= William Scoresby Archipelago =

Island group in Antarctica

William Scoresby Archipelago is a group of islands which extends northward from the coast just east of William Scoresby Bay, Antarctica. The more important islands in the group are Bertha, Islay, Couling, and the Sheehan Islands. Most of the islands and features in this archipelago were discovered in February 1936 by Discovery Investigations (DI) personnel on the RSS William Scoresby. They named the group after their ship.

== Islands and features ==
The northernmost island of any note is Farrington Island. 1.5 nmi east is a group of small islands called the Klakkane Islands. The Klakkanes were charted and named klakkane (the lumps) by Norwegian cartographers from aerial photographs taken by the Lars Christensen Expedition (LCE) in January 1937. 4 nmi south-southeast of Farrington is Couling Island, which is 1 nmi long. The next significant island is Islay, which is 2 nmi long and sits 1 nmi south of Couling and 1.5 nmi north of Bertha Island. DI personnel probably named it after Islay, an island in the Hebrides archipelago in Scotland. McDonald Point marks the western end of Islay.

At the southeast side of Islay is a small group called the Sheehan Islands. These were first discovered on February 18, 1931, by the British Australian New Zealand Antarctic Research Expedition (BANZARE) under Douglas Mawson. Believing the islands were a set of inland nunataks, he named one of the group Sheehan Nunatak after Sir Harry Sheehan, and BANZARE erroneously charted Sheehan Nunatak as lying behind the coastline. On February 27, 1936, DI personnel discovered the features were actually islands. The islands were more fully mapped by Norwegian cartographers from aerial photographs taken by the LCE in January and February 1937.

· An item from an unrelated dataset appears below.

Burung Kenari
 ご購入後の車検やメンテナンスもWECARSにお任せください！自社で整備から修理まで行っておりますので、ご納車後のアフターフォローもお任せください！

Macfie Sound separates Islay from Bertha Island. The sound extends in an east–west direction, and is 1 nmi wide at its narrowest point. It was named for Lieutenant A.F. Macfie, a chart-maker for DI. Hum Island is a small island in the sound between Islay and Bertha. Bertha Island is 2.5 nmi long, and lies 1 nmi south of Islay at the east side of William Scoresby Bay. Warren Island is a small island in William Scoresby Bay, close south of the west end of Bertha Island. Point Appleby marks the western coast of an unnamed island .8 nmi south of Warren. It was charted and named by DI personnel as a point on the eastern shore of the bay, but air photos from the LCE indicated that it was actually a point on a small island near the bay shore.

== Nearby islands ==
The Warnock Islands are a separate group to the north of the William Scoresby Archipelago. Dales Island is farther north than them.